30 de set de 2015

A "GUERRA DO RIO" CONTINUA E DEIXA A POLICIA PERPLEXA

MILITARES DA FORÇA NACIONAL SÃO METRALHADOS POR TRAFICANTES
FORÇA NACIONAL COM APOIO DE POLICIAIS E BLINDADOS INVADE A MARÉ
CHAPADÃO X PEDREIRA É A "GUERRA DO RIO"
A "GUERRA DO RIO " ATINGE O SAMBA
No Rio de Janeiro existem "zonas proibidas" onde ninguém entra sem autorização, passaporte dado pelo narcotráfico. A Vila do João é uma delas, onde várias vezes pessoas que entraram por descuido foram atingidas por armas de fogo, algumas de maneira fatal. Três militares da Força Nacional foram metralhados na tarde de quarta feira 10 de agosto, um deles em estado grave, foi atingido na cabeça e permanece hospitalizado. Horas depois grande contingente invadiu a favela localizada no Complexo da Maré onde facções disputam o controle de território, em uma "guerra" sem fim. Durante a operação para prender bandidos que atiraram nos agentes na última quarta feira, Igor Gregório morador da favela foi atingido e faleceu a caminho do hospital. O confronto deixou dois feridos.
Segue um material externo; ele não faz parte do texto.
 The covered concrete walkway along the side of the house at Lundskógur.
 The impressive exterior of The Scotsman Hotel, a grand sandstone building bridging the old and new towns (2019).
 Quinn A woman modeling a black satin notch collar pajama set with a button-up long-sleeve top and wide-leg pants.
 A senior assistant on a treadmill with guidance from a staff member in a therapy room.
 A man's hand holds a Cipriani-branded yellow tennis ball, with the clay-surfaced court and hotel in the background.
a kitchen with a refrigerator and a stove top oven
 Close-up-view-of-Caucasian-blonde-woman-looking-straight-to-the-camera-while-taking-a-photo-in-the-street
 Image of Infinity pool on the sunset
Existe um outro bairro na cidade onde ninguém entra sem autorização,  Costa Barros subúrbio carioca, onde as redes criminais disputam o domínio territorial dos pontos de venda de drogas. Comando Vermelho e Amigo dos Amigos-ADA trazem terror aos moradores em uma guerra sem fim. Há dias atrás  o compositor Leonel da Escola de Samba Vila Isabel foi executado por dois motoqueiros na Rua Petrocochino na entrada do Morro dos Macacos. Foi vencedor do samba-enredo da Vila em 13 ocasiões e parceiro de Martinho da Vila e Arlindo Cruz. O Morro dos Macacos é também alvo de disputa pelo controle da venda de drogas em suas inúmeras bocas, e é controlado pela ADA.
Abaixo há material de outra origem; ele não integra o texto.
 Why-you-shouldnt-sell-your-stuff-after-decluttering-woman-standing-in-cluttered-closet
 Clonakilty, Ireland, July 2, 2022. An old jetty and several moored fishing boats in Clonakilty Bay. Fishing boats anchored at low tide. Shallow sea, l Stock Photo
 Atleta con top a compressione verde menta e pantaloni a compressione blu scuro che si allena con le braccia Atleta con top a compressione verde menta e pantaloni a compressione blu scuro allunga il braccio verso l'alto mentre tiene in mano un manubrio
Policiais civis da Delegacia Geral de Policia Especializada-DGPE com ajuda da Coordenadoria de Recursos Especiais-CORE invadem o Chapadão e mais duas favelas para prender traficantes e diminuir o roupo de cargas na região. O Conjunto de Favelas do Chapadão que abrange Costa Barros, Pavuna e Anchieta é o novo centro de operações do Comando Vermelho, após as invasões do Morro do Alemão e do Jacarezinho. Inúmeras barricadas foram montadas para dificultar ação policial ou invasão de bandidos da rede criminal Amigos dos Amigos-ADA.
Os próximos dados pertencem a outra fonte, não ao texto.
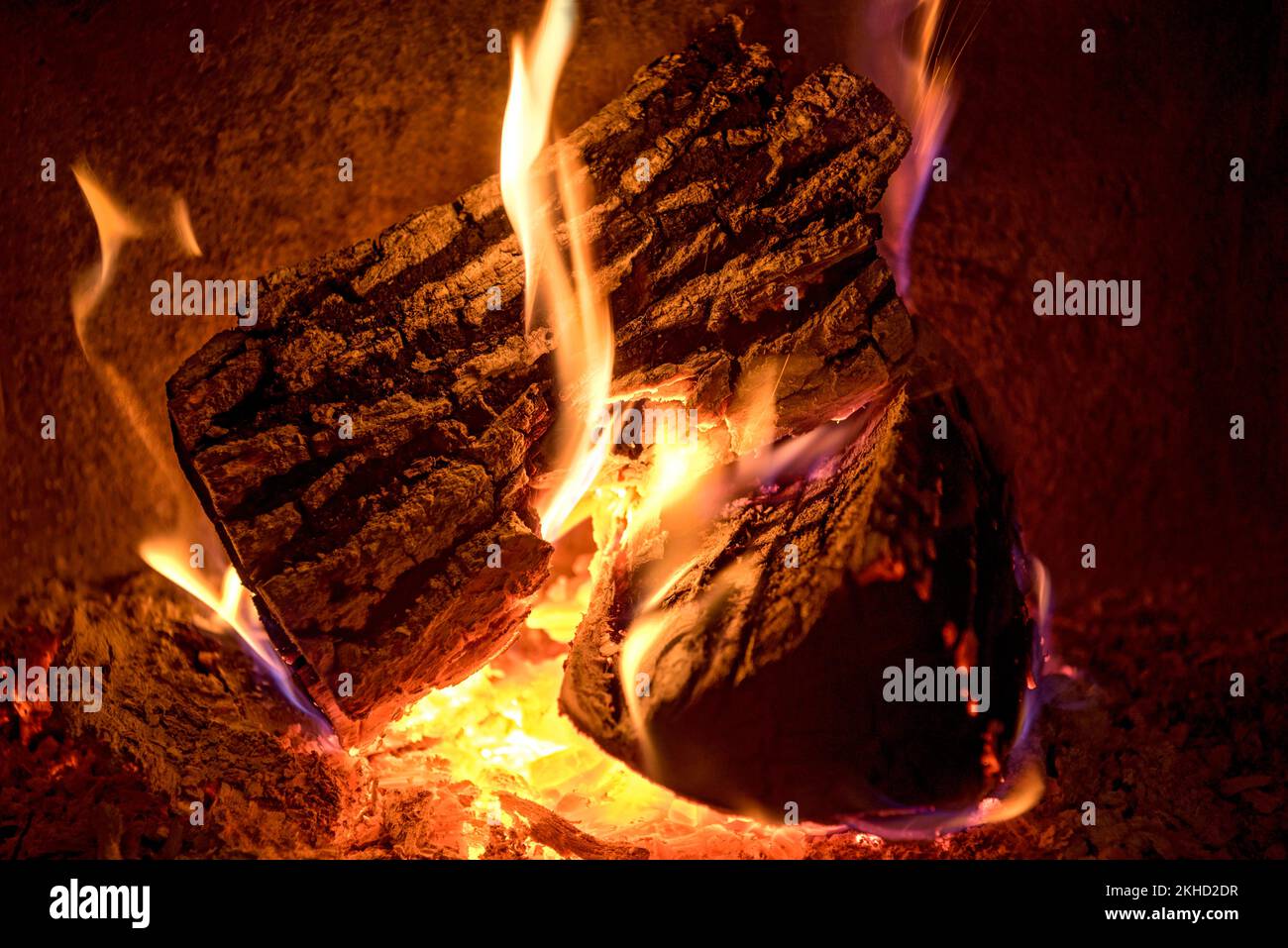 Burning log in the fireplace, firewood, open fire, fireplace, glowing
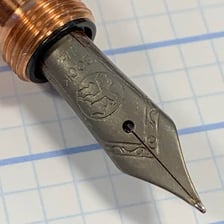 A close-up view of the pointed metal nib of a fountain pen.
Em todo o Brasil a matança continua, e o Rio de Janeiro é um dos líderes da triste estatística  em todo o país. Um grupo armado fez um arrastão no início da manhã de quinta 22/10/ na Rua Edgar Romero, uma das principais de Madureira causando pânico entre pessoas que saiam para o trabalho. Um ouvinte da Band FM presenciou um assalto a ônibus onde os bandidos deram um aviso inusitado: "Cidadãos, respeitem a bandidagem", que pode ser um aviso, ou quem sabe um deboche, face a uma política de segurança ineficiente. Há dias atrás em tiroteio morreu o PM Caio Cesar Cardoso que para reforçar o orçamento, de maneira honesta, fazia um "bico" fazendo a voz do herói juvenil Harry Potter em dublagem. A policia invadiu vários morros da Zona Norte para prender os assassinos. Os moradores do Alemão, da Penha e do Jorge Turco estão temerosos com a onda de violência que parece não ter fim.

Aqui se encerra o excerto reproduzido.